MAPE	Linear Regression	Number of Hidden Nodes of Neural Network
		1	5	10	20
Training	9.61%	10.25%	8.78%	6.98%	7.54%
Test	11.35%	12.17%	10.36%	8.8%	11.35%

summarizes an analysis of the linear and nonlinear algorithms reviewed to predict the amount of power generated by the floating PV system. The linear regression prediction model showed a percentage error of 9.61–11.35%, and the neural network prediction model with five hidden nodes showed an error range of 8.78–10.36%. As a result, it was confirmed that the neural network prediction model, which was a nonlinear algorithm, showed 2.59% higher accuracy than the linear regression analysis prediction model, on average. The numbers of hidden nodes were set to one to twenty in the neural network algorithm, and it was confirmed that overfitting happened in twenty nodes and ten hidden nodes produced the best accurate results among them. In conclusion, the power generation must be calculated in the non-linear model and the number of hidden nodes should be taken into consideration so as not to have overfitting, as below.

5. Conclusions

In this study, the power-generation prediction model for a floating PV system using neural networks was compared and analyzed with one based on regression analysis. The summary of the characteristics of the floating solar power generation model verified in this study is as follows:

• The existing knowledge that the cooling effect and efficiency of the floating PV system increased with the evaporation of water from the surface was supplemented by more objective and concrete analyses. Based on the operation of two 2.5 kW land-based and floating PV systems installed near and on the water surface of the Boryeong Dam, Korea, respectively, the results were analyzed comparatively by applying a statistical probability method.
• During the period of analysis, the amount of solar irradiation for the land-based PV system was approximately 1.1% higher than that of the floating PV system; however, the average module temperature of the floating PV system was 4.9% lower than that of the land-based PV system.
• To analyze the reason behind the module temperature of the floating PV system being lower than that of the land-based PV system, the correlation between the module temperature difference and the air–water temperature, as well as the module temperature and wind speed, were analyzed.

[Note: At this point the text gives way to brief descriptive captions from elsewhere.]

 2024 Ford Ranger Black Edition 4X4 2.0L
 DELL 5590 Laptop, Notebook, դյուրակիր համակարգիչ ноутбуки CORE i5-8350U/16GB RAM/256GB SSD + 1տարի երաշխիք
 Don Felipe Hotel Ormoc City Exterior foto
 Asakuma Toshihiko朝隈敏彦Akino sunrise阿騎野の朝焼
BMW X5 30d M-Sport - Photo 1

From the results, it was shown that there was a positive correlation between the module temperature difference and the land and water temperature difference, with a correlation coefficient of 0.6451. On the other hand, there was no correlation between the module temperature difference and the wind speed, with a correlation coefficient of 0.0032. Based on the operational data, the regression analysis method suggested a characteristic function that could predict the power generation, even considering solar radiation and module temperature.

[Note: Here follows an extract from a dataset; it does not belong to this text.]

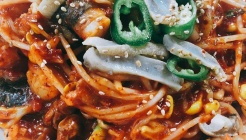 목동 아구찜 매장 이미지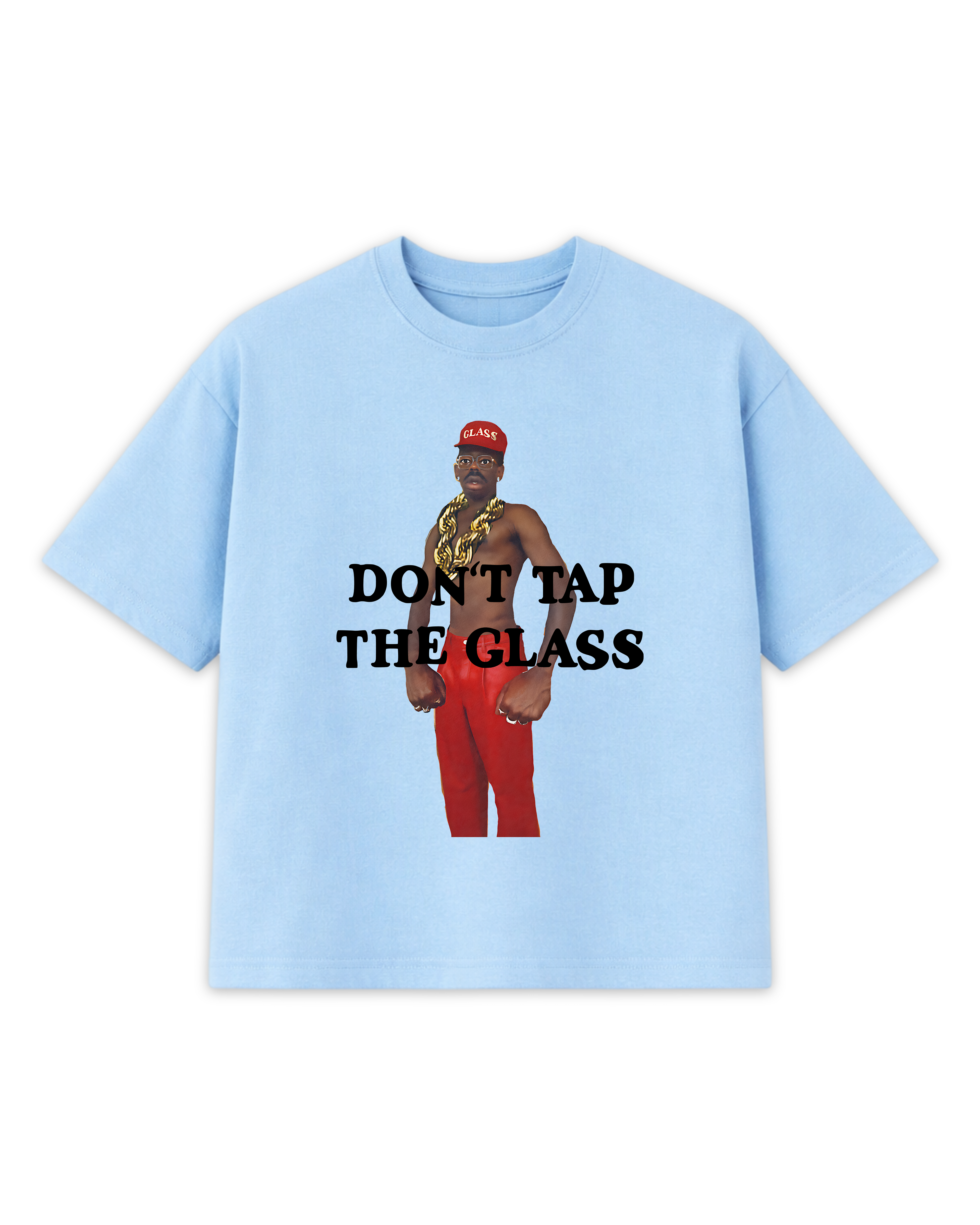 Tyler, The Creator Tee DTTG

• This study proved that the efficiency of a floating PV system was higher than that of a land-based PV system, owing to the cooling effect of water, although there are some differences, according to the environmental factors of the area. Using the water temperature characteristics, it was possible to predict the amount of electricity generated more accurately.

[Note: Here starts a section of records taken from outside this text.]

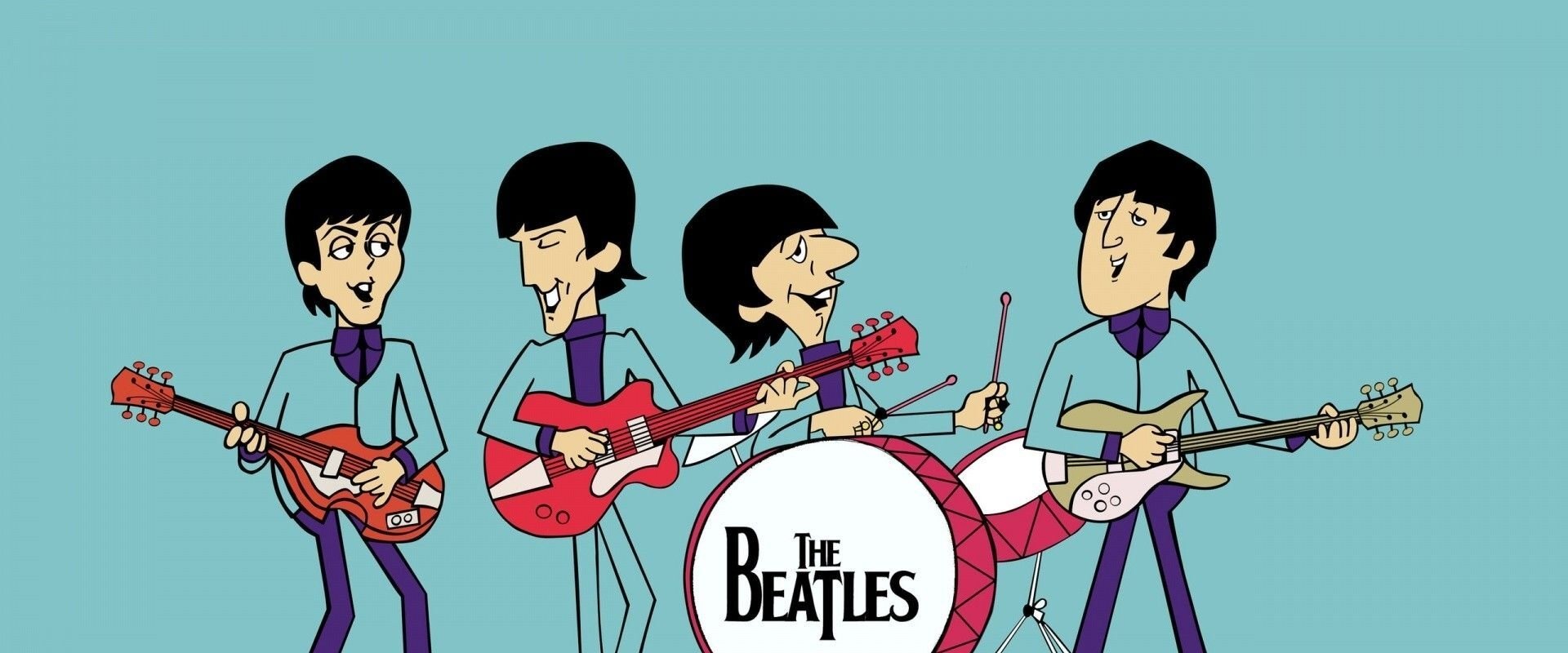 The Beatles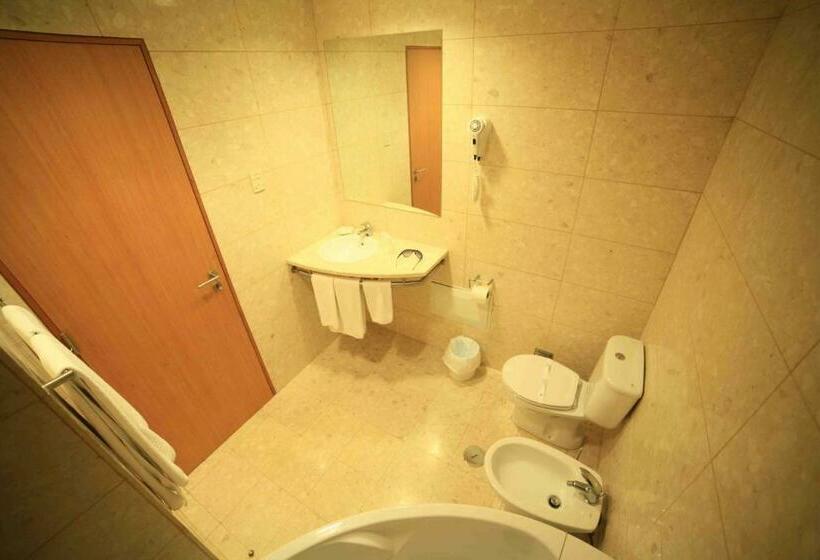 스탠다드 룸, Matriz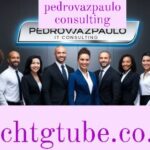 pedrovazpaulo consulting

• In addition, the accuracy of the power generation prediction model using neural networks was approximately 2.91% higher than that of the regression analysis method. As a result of adjusting the hidden nodes in the neural network algorithm, it was confirmed that a neural network algorithm with ten hidden nodes was most suitable for calculating the amount of power generation.
• This paper is the result of utilizing 2.5 kW research equipment installed in the dams and nearby areas of South Korea. Therefore, as a result of this study, it is possible to more accurately predict the power generation of the floating PV system in an environment similar to these study conditions, such as installation locations, system scales and configurations, etc.